For instance, there were 3 SNP sites in the gene A05389, at contig3:1317647, contig3:1317841 and contig3:1319579. It was noted that in contig3:1317647, 4 high-virulent isolates (JS, JY, SB and Race15) shared the CC locus, whereas the other 28 isolates shared the AA locus that was absent in SH. In the contig3:1317841 and contig3:1319579 sites, the JS, JY and Race15 isolates shared the CC locus. SH and SB lacked this locus, while the other isolates shared the TT and AA loci in their respective contigs. After homology comparison, this locus was annotated as GH family 78 protein from Bipolaris oryzae (ATCC 44560), which was speculated as a secretory protein and annotated as α-L-Rhamnosidases in the CAZy database. α-L-Rhamnosidases catalyze the hydrolysis of terminal α-L-rhamnose residues from various carbohydrates. The catalytic domains in most of these enzymes belong to the GH78 and GH106 families of GHs [31].
There were 2 SNP sites in the gene A00784, at contig1:3188987 and contig1:3189373. In addition to JS, SB and Race15 shared the GG genotype, while the other isolates shared the CC locus that was absent in isolate SB. A00784 is located on Contig 1 and was speculated as an oxidoreductase in the CAZy database. By homology comparison, this was speculated as Glucose oxidase in Cercospora beticola. Glucose oxidases were speculated to specifically oxidize β-D-glucose to gluconic acid and hydrogen peroxide [32]. It has been clearly demonstrated that the hydrogen peroxide generated by glucose oxidases can inhibit the growth of pathogens [33]. To date, glucose oxidase genes have been cloned from Penicillium expansum, Penicillium variabile and Talaromyces flavus [34].
A05375 had 3 SNP sites, at contig3:1279311, contig3:1280051 and contig3:1280961. After homology comparison, this was annotated as non-ribosomal peptide synthetase 8 (NRPS8) from Bipolaris maydis. In contig3:1279311, JY, JS, and Race15 shared the GG locus, while the other isolates shared the TT homozygous genotype that was absent in isolate SH. In contig3:1280051, JS, SB, JY, and Race15 shared the TT locus, and the other isolates shared the GG locus. In contig3:1280961, JS, JY, SB, and Race15 shared the AA genotype and the other isolates shared the GG genotype that was absent in isolate SH.
A05382 is located in Contig 3 with 3 SNP sites, at contig3:1304880, contig3:1305120, and contig3:1305142, respectively. In contig3:1304880, in addition to the four isolates (JS, JY, SB and Race15) who shared the CC locus, the other isolates shared the AA locus. In contig3:1305120, JS, JY, SB and Race15 had the TT genotype, while the other isolates were CC. In contig3:1305142, JS, JY and Race15 were GG, and the other isolates were AA, which was absent in isolate SB. After homologous comparison, this locus was annotated in Cercospora beticola as O-acetyl-ADP-ribose deacetylase MACROD1 (CB0940-03553).

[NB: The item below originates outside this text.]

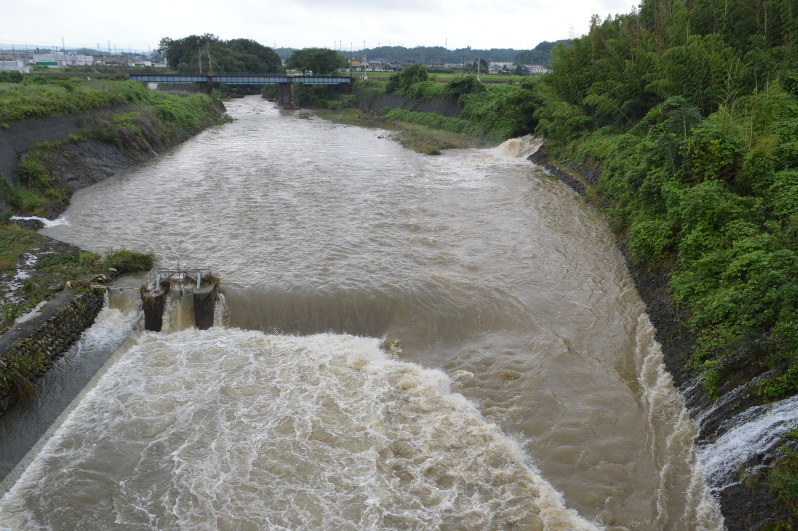 大雨 ５市町で床下浸水 美濃加茂は崖崩れ 岐阜 毎日新聞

A05384 is located in Contig 3. JY, JS, SB and Race15 shared the TT genotype, while the others shared the CC genotype that was absent in isolate SH. After homology comparison, this locus was annotated as hypothetical protein (CB0940-03556) in Cercospora beticola with 1 SNP site.
It can be seen from the above results that the highly virulent isolates Race15, SB, JS, and JY had the same mutation sites in the above five genes, including SNPs or deletions. Considering their closeness in the phylogenetic tree and their putative shared ancestral state, some genes with the same mutation site may be related to species rather than virulence. Our study was designed simply to provide a useful reference for the screening of functional candidate genes, narrowing down the workload for subsequent analyses.